From the 2,000-year-old Temple of Bel to the magnificent Tomb of the Three Brothers: The ancient wonders inside Palmyra that ISIS will destroy or sell for millions to fund their evil empire
21 May 2015
- Stunning ruins now in clutches of jihadists after fierce overnight clashes
- City is architectural jewel of Middle East and crossroads of ancient world
- List of wonders includes world-renowned funerary sculptures and statues
- Appears inevitable ISIS will desecrate it as they did ancient sites in Iraq
An array of magnificent treasures from one of the ancient world's most important cultural centres stand to be destroyed or sold to fund the evil empire of ISIS.
The stunning ancient ruins of Palmyra in Syria are now reportedly in the clutches of jihadists after pro-government forces withdrew and 100 fighters were killed in overnight clashes and left beheaded bodies lying in the streets.

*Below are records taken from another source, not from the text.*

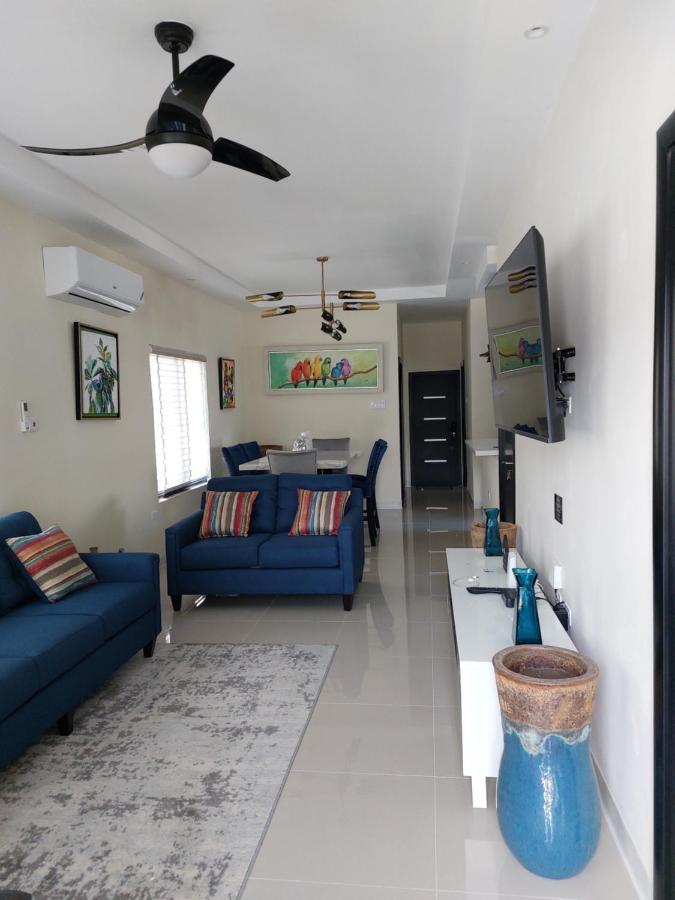 Pyramid Joy, 2 Bedroom Villa, Ocho Rios, Jamaica מראה חיצוני תמונה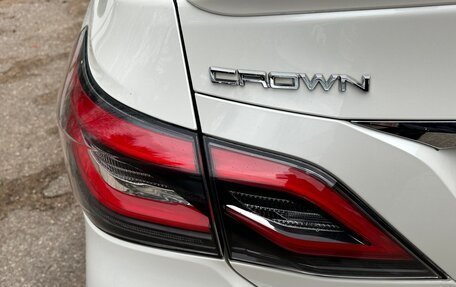 Toyota Crown, 2018 год, 3 200 000 рублей, 14 фотография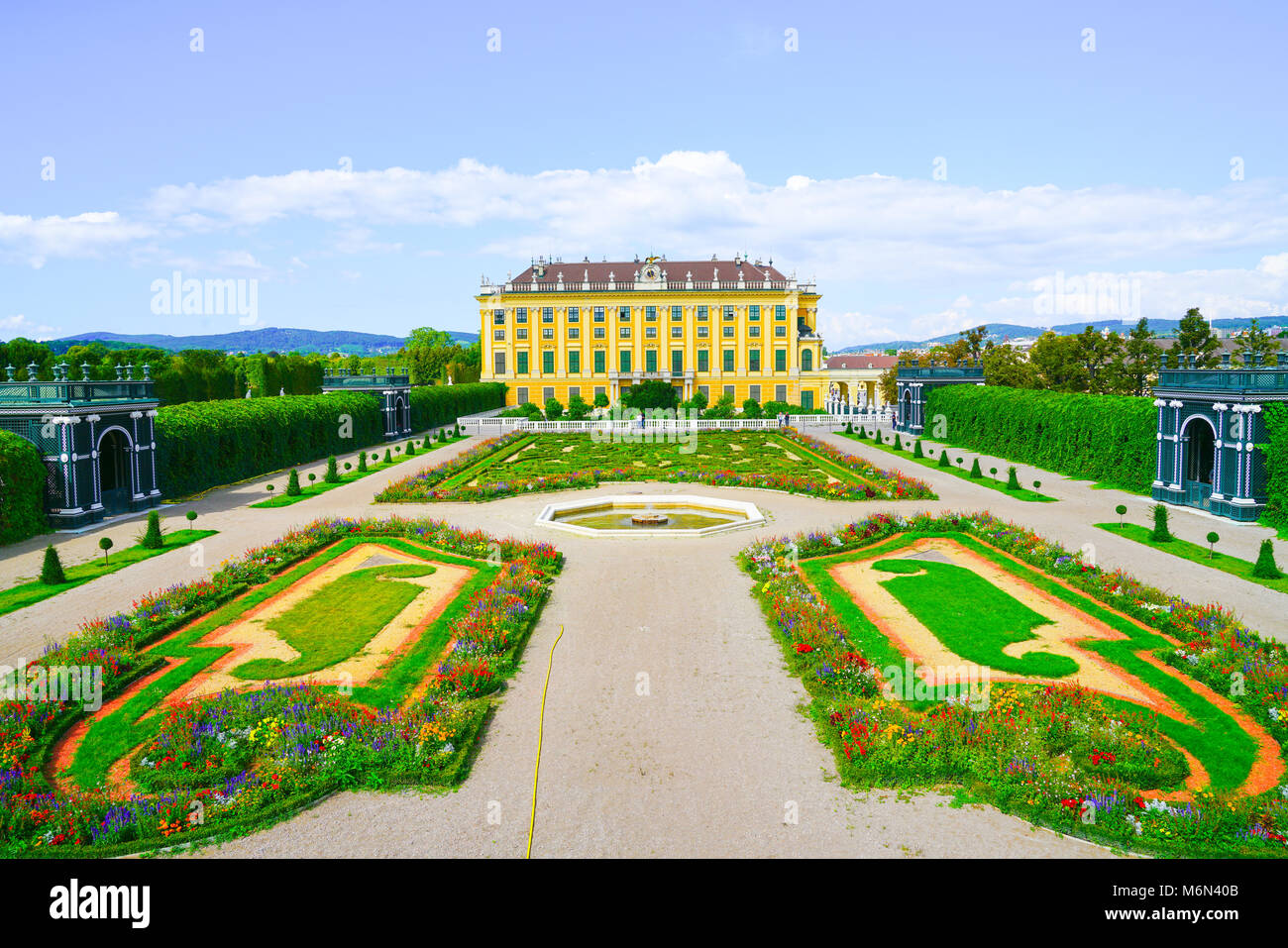 VIENNA, Austria - 4 settembre 2017; giardini formali e di percorsi per il Barocco dettagli architettonici della imperiale di Schonbrunn Palace, uno dei principali turiste Foto Stock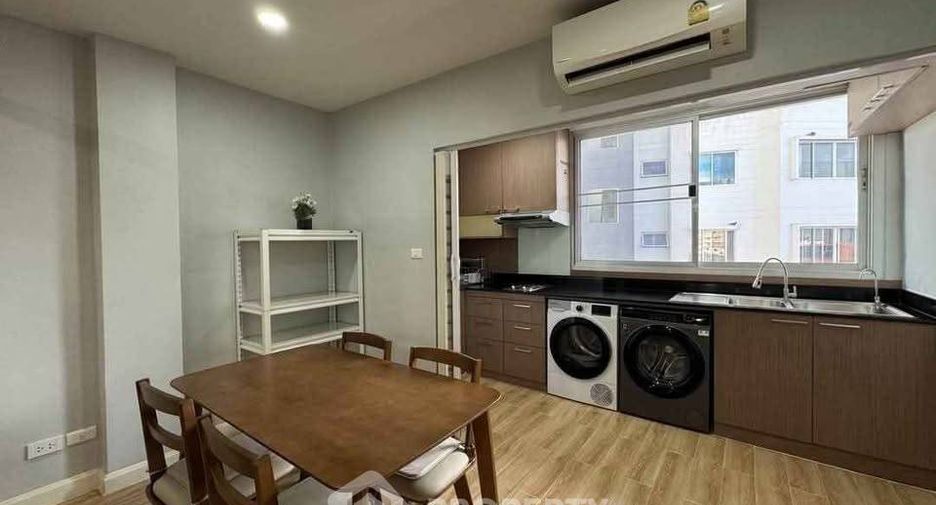 À vendre 2 chambres condo à Bang Na, Bangkok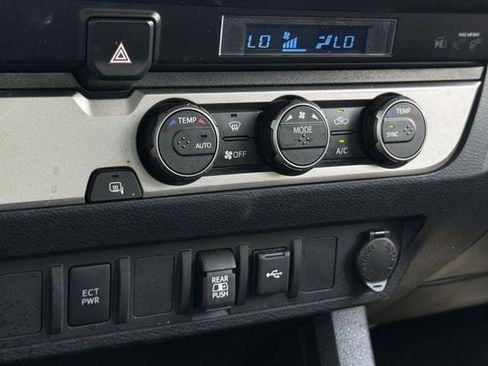 Used 2023 Toyota Tacoma SR5 RWD image 21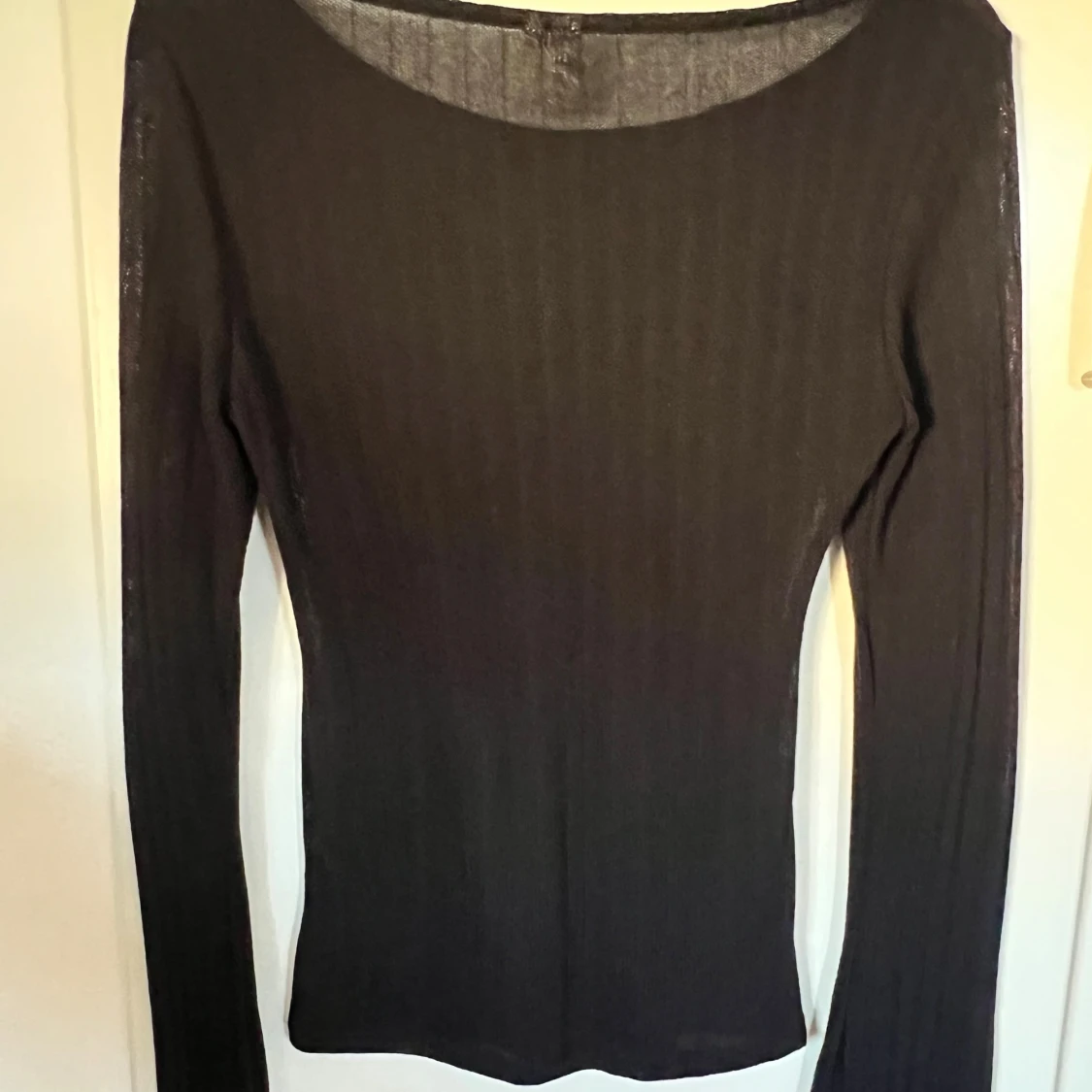 Svart ribbad långärmad topp Nelly - 1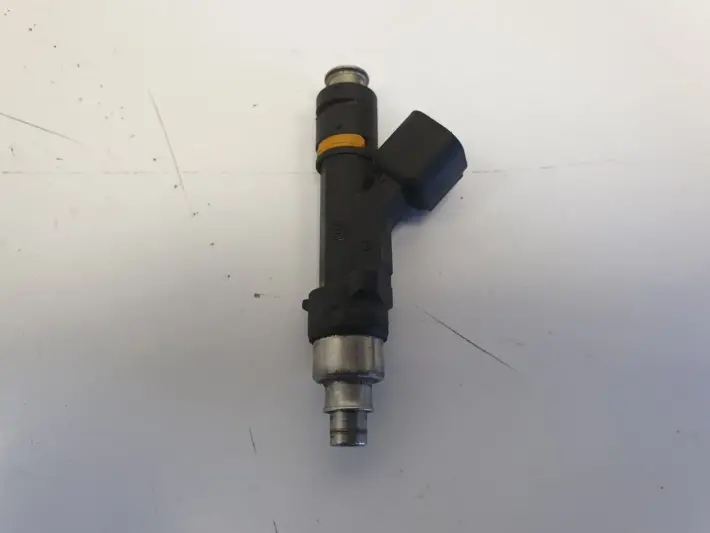 Mazda 6 2.0 16V WTRYSKIWACZ 0280158103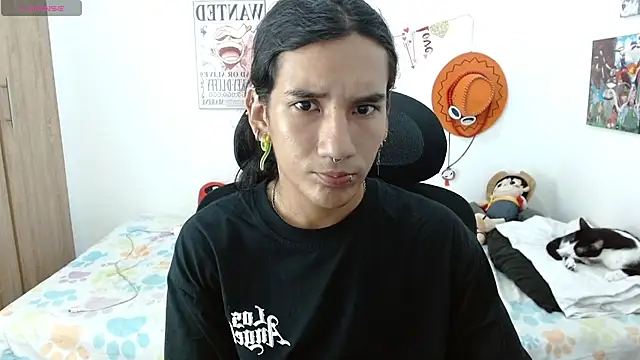 Snapshot of Max0n_ chatting on November 8, 2025, 1:50 am Max0n online show from November 8, 2025, 1:50 am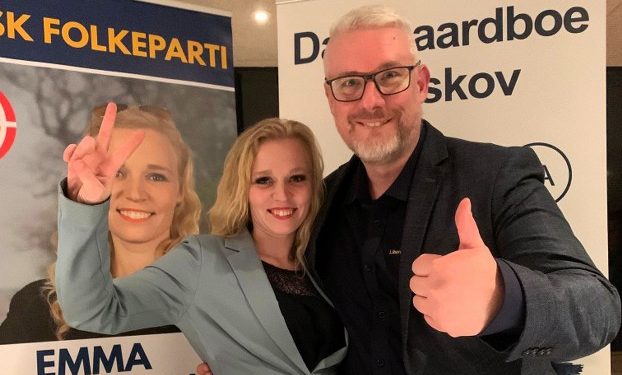 Dan Gaardboe Rueskov ses her under valgkampen til FV26 i selskab med Emma Houe Mølgaard fra DF. Foto (arkiv): Privat.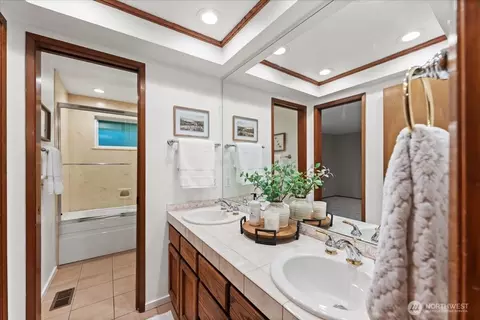 Bath - 807 7th Ave N, Edmonds, WA 98020 photo 2 of 6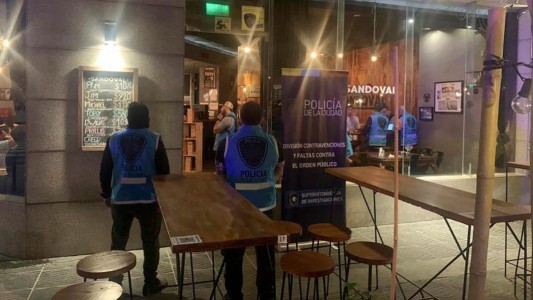 Desbaratan un club ilegal de truco y detienen a su organizador en el barrio porteño de Caballito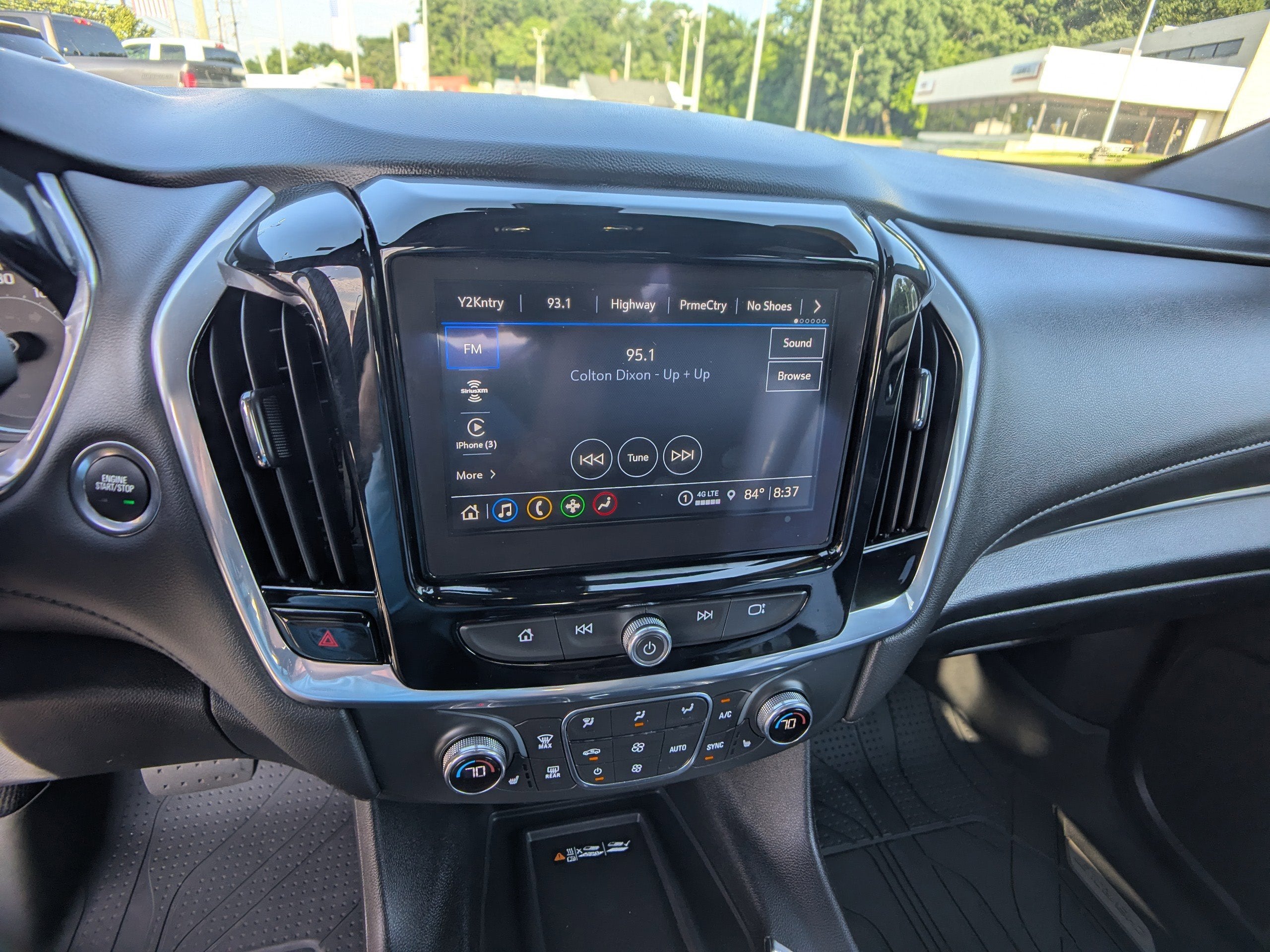 2022 Chevrolet Traverse LT Cloth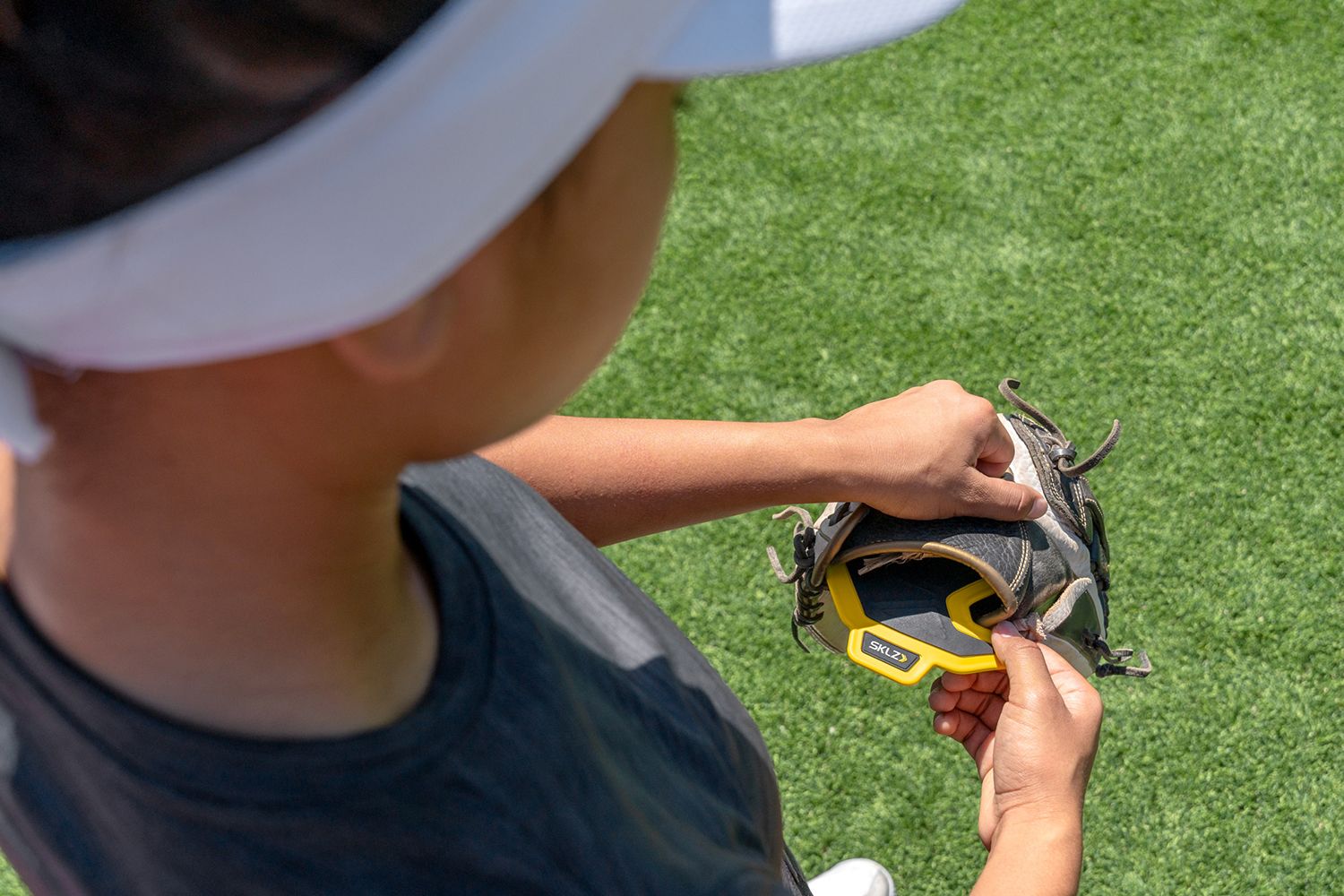 SKLZ Youth Fielding Hands Baseball/Softball Trainer product image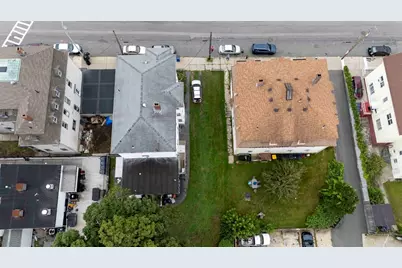610 Bradford Ave, Fall River, MA 02721 - Photo 5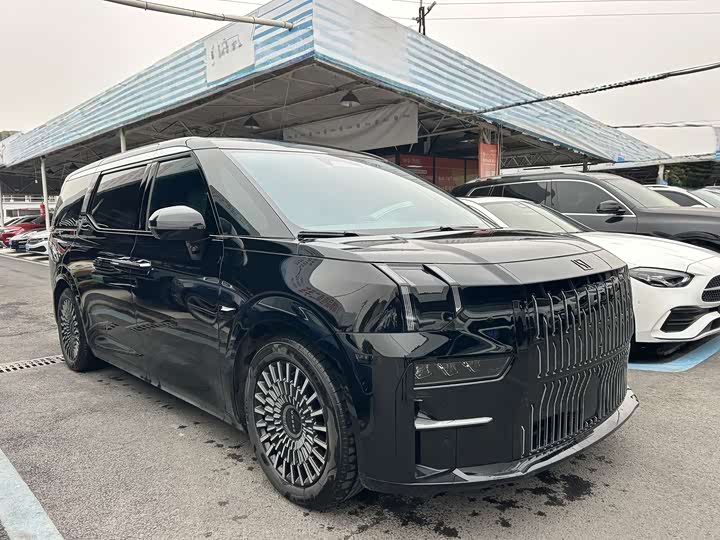 Фото 3 - Zeekr 009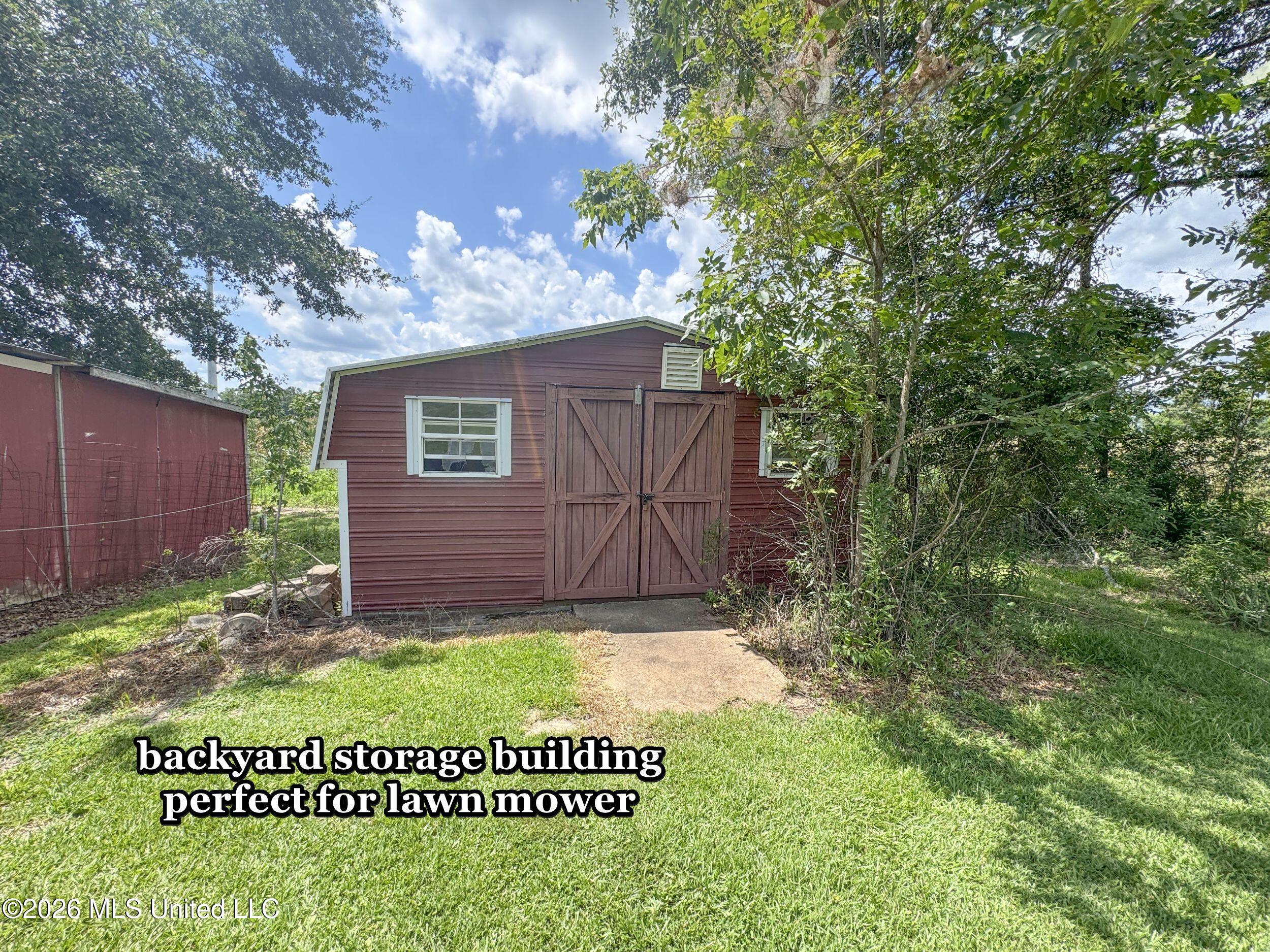 256 Pollard Street Property Photo 39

ISIS first threatened to take the city, an architectural jewel of the Middle East, a week ago when clashes with forces loyal to Syrian president Bashar al-Assad took place barely a mile from its gates.
But now the world is having to face the full horror of what having the terrorists in control of the UNESCO World Heritage site is going to mean for this remarkable crossroads of the ancient world.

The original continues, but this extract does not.